_What the exercise asks_. Here are the records. Write out exactly the lines between the one holding "There are such" and the one holding "First, what you're", inclusive.

_Excerpted data_.

=== Begin Enclosure ===

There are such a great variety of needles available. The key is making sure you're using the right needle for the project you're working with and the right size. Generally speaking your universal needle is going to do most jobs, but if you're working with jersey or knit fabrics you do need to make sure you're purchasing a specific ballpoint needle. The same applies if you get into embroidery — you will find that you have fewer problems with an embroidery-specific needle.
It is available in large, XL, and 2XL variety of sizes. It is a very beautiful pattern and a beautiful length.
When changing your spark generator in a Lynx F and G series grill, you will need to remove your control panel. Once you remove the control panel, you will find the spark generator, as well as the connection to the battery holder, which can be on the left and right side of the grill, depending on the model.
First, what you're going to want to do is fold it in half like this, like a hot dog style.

=== End Enclosure ===
=== Begin Enclosure ===

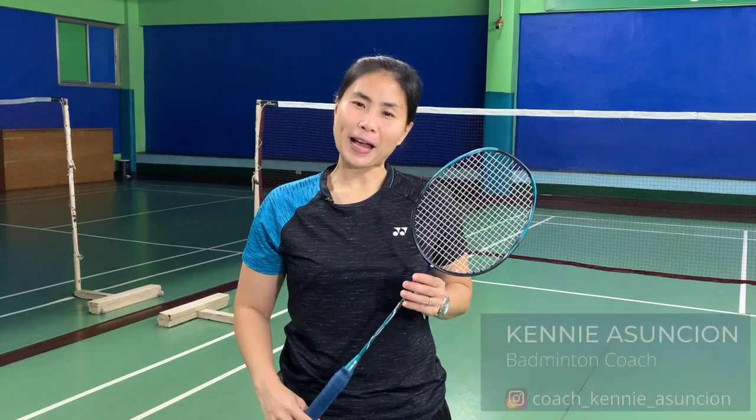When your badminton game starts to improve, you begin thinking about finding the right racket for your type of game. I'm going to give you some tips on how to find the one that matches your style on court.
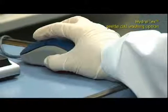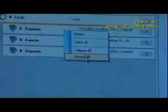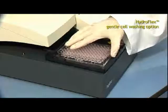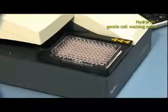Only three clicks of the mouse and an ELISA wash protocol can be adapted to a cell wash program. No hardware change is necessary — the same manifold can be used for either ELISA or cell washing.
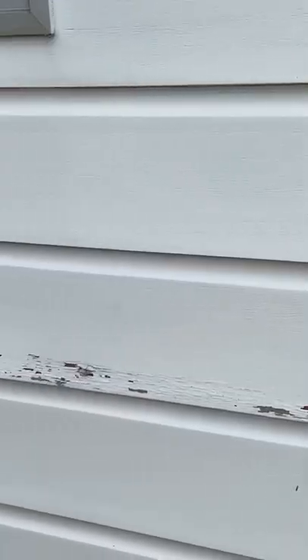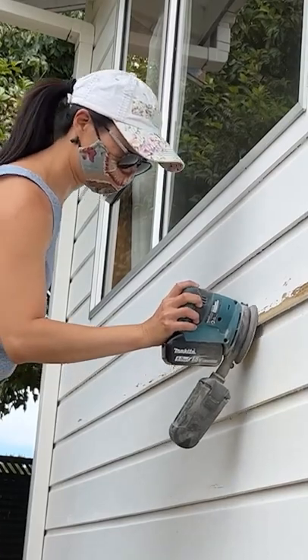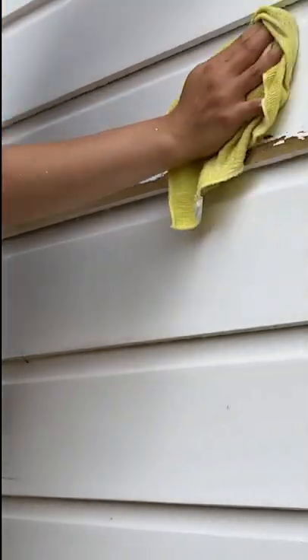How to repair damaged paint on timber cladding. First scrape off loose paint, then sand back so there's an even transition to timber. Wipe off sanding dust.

=== End Enclosure ===

_Solution to the exercise_.
There are such a great variety of needles available. The key is making sure you're using the right needle for the project you're working with and the right size. Generally speaking your universal needle is going to do most jobs, but if you're working with jersey or knit fabrics you do need to make sure you're purchasing a specific ballpoint needle. The same applies if you get into embroidery — you will find that you have fewer problems with an embroidery-specific needle.
It is available in large, XL, and 2XL variety of sizes. It is a very beautiful pattern and a beautiful length.
When changing your spark generator in a Lynx F and G series grill, you will need to remove your control panel. Once you remove the control panel, you will find the spark generator, as well as the connection to the battery holder, which can be on the left and right side of the grill, depending on the model.
First, what you're going to want to do is fold it in half like this, like a hot dog style.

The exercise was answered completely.